Desde la cuna, el niño llena la noche con su aliento y con el palpitar de su corazoncito; en el suelo, espalda contra la pared, el viejo se abre a esa presencia como un árbol a las primeras lluvias: con ellas germina su larga memoria de hombre, se despliega su pasado como una semilla vertiginosa y una fronda de recuerdos y vivencias extiende un invisible dosel protector sobre la cuna.
Los minutos, como toc-toc de lanzadera, entretejen al viejo con el niño en el telar de la vida.
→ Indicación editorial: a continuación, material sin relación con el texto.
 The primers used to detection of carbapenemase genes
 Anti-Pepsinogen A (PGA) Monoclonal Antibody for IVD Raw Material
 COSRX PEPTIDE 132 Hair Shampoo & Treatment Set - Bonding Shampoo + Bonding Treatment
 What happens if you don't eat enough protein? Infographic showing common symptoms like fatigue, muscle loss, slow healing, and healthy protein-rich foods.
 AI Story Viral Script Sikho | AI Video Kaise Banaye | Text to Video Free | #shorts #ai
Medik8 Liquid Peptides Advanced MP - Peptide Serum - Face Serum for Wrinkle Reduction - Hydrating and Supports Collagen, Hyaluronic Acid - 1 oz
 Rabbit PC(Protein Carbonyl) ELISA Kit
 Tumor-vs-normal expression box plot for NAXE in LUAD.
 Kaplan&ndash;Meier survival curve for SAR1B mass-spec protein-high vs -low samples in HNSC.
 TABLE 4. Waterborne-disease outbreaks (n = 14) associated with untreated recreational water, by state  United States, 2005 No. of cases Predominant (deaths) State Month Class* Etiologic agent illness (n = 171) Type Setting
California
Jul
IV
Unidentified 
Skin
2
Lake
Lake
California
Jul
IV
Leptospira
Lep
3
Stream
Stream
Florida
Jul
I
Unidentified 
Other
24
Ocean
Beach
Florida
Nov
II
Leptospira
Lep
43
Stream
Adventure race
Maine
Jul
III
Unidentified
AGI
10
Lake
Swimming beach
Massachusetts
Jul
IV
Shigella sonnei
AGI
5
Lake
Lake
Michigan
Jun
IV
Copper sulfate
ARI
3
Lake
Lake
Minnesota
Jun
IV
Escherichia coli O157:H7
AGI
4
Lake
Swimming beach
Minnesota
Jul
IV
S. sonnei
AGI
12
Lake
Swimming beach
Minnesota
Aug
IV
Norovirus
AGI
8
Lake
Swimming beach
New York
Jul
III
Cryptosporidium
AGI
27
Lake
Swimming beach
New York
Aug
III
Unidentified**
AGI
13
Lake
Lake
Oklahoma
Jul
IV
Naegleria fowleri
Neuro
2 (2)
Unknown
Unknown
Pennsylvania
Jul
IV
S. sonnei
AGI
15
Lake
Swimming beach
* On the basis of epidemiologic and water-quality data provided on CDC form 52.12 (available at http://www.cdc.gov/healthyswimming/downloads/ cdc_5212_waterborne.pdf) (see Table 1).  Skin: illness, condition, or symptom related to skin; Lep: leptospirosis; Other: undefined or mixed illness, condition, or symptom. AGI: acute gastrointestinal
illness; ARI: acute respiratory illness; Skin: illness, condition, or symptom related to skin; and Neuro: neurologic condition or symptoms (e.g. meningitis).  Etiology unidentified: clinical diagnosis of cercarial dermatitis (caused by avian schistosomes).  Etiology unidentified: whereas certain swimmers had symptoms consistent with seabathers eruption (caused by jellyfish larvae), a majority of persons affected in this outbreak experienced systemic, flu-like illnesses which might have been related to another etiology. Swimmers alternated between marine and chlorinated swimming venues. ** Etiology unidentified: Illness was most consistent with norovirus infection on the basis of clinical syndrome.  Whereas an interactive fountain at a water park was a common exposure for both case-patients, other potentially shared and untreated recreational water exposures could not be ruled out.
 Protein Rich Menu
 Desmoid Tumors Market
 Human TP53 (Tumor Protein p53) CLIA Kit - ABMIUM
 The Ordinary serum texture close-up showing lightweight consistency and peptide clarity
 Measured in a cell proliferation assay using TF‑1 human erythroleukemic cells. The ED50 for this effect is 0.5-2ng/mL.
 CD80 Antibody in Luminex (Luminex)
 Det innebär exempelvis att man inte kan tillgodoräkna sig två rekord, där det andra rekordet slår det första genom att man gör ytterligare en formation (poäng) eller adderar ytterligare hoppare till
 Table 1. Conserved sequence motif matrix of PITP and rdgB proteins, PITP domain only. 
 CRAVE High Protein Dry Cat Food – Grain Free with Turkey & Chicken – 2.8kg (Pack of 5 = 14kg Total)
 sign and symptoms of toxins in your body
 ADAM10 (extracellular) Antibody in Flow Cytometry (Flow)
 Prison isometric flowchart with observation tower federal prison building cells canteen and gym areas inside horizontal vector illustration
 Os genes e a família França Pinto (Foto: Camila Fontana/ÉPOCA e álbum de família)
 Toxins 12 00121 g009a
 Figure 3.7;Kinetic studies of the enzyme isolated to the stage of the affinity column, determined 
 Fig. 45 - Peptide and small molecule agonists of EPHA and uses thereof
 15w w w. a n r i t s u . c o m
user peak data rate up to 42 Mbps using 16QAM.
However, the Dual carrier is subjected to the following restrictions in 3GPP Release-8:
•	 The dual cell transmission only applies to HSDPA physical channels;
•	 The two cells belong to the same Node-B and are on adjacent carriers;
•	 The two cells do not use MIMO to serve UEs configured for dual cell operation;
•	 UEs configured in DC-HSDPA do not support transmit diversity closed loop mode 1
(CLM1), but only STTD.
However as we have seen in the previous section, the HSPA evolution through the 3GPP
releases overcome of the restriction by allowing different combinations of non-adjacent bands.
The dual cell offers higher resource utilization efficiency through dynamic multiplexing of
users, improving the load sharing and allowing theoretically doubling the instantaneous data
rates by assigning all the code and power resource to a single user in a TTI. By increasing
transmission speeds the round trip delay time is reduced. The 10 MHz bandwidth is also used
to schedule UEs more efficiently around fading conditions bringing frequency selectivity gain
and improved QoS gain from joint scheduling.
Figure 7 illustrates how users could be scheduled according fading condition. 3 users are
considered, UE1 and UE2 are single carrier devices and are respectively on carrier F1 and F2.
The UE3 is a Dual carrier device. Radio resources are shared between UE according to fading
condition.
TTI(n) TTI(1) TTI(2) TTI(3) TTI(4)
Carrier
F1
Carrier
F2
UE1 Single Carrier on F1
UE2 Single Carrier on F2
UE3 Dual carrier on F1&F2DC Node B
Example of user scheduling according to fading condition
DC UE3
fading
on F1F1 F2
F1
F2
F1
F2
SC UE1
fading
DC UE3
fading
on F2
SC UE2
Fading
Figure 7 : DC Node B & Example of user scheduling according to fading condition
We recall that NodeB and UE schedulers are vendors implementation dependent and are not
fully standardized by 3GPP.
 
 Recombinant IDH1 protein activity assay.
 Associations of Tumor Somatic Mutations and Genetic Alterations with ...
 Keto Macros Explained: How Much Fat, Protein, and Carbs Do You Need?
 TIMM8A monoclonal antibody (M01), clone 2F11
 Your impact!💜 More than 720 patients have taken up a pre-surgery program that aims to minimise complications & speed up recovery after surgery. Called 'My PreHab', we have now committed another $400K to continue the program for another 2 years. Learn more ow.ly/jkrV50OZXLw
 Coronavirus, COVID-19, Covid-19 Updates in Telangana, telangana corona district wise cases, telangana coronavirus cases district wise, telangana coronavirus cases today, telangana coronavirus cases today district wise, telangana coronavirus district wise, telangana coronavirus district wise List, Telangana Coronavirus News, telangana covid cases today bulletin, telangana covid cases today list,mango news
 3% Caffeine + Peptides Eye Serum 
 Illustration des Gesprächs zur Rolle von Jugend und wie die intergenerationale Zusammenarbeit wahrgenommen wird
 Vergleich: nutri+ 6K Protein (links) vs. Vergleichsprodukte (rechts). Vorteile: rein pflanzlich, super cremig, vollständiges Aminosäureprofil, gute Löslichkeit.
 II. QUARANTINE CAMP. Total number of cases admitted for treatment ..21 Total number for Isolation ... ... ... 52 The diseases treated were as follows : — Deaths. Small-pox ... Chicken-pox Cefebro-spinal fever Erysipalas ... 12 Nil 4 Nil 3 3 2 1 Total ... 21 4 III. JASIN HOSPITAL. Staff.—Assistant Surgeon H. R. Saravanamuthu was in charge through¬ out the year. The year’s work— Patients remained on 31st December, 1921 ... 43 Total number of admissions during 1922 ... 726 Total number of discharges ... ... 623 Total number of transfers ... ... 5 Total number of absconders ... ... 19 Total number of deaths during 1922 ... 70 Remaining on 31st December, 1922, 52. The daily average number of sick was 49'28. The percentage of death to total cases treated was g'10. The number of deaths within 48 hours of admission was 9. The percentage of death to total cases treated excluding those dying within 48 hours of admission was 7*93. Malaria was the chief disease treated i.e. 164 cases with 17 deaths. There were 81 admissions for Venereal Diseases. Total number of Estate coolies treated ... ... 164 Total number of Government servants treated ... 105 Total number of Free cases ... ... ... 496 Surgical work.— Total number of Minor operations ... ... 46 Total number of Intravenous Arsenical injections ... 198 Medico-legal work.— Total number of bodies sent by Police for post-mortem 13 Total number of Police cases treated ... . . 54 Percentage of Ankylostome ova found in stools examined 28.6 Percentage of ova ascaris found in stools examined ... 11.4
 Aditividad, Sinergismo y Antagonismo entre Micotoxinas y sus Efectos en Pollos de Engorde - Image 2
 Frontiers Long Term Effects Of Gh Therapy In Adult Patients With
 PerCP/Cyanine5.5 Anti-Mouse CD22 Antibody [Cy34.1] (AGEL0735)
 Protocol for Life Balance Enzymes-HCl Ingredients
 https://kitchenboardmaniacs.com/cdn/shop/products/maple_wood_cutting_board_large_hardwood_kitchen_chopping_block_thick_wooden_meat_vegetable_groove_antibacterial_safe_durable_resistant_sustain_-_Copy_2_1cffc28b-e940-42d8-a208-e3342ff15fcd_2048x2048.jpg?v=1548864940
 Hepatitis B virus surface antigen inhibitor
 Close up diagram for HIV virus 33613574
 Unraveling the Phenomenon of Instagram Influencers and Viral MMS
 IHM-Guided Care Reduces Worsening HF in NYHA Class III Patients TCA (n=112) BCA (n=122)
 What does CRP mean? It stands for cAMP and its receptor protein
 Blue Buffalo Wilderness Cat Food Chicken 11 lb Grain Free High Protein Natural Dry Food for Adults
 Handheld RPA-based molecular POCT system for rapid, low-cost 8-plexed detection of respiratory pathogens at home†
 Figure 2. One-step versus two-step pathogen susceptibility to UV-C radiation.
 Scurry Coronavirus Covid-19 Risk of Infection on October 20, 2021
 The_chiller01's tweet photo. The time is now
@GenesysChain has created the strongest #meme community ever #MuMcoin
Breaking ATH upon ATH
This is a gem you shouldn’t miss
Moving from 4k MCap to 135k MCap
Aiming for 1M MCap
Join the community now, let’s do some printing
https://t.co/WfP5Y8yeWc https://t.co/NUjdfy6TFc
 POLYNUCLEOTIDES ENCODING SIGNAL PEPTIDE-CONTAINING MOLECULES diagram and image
El recinto es un planeta de luna y sombra para ellos solos: el niño lo acotó en el baño, con sus deditos ungidos, igual que los jabalíes delimitan sus territorios —el viejo les ha visto hacerlo en primavera— sembrando efluvios genesíacos en piedras o jarales. ¿Qué ocurre, qué se forja, qué cristaliza en esos minutos? El viejo ni lo sabe ni lo piensa, pero lo vive en sus entrañas. Oye las dos respiraciones, la vieja y la nueva: confluyen como ríos, se entrelazan como serpientes enamoradas, susurran como en la brisa dos hojas hermanas. Así lo sintió días atrás, pero ahora un ritual instintivo lo hace sagrado.
Acaricia sus amuletos entre el vello de su pecho y recuerda, para explicarse su emoción, el olmo ya seco de la ermita: debe su único verdor a la hiedra que le abraza, pero ella a su vez sólo gracias al viejo tronco logra crecer hacia el sol.
La madera y el verdor, la raíz y la sangre, el viejo y el niño avanzan compañeros, como sobre un camino, por ese tiempo que les está uniendo. Ambos hombro con hombro, en extremos opuestos de la vida, mientras la luna se mueve acariciándoles, entre el remoto girar de las estrellas.
La enfermerita es un encanto.
—¿Roncone, Salvatore?… Pase, por favor.